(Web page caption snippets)

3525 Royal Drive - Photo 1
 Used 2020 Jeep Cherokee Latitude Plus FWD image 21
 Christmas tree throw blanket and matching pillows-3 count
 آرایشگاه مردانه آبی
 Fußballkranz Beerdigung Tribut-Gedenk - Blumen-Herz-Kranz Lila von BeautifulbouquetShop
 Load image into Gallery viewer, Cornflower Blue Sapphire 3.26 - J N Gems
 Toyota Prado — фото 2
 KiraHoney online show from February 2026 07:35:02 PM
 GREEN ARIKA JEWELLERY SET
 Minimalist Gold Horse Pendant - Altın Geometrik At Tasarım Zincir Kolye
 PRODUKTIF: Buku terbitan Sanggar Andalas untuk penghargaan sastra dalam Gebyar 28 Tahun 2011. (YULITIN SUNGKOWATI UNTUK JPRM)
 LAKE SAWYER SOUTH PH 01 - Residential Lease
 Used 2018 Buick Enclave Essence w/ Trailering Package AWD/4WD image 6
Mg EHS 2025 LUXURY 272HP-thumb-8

THE TASK
Wherever the string "image" appears in the records above, copy the line it sits in.

TASK RESPONSE
 Used 2020 Jeep Cherokee Latitude Plus FWD image 21
 Load image into Gallery viewer, Cornflower Blue Sapphire 3.26 - J N Gems
 Used 2018 Buick Enclave Essence w/ Trailering Package AWD/4WD image 6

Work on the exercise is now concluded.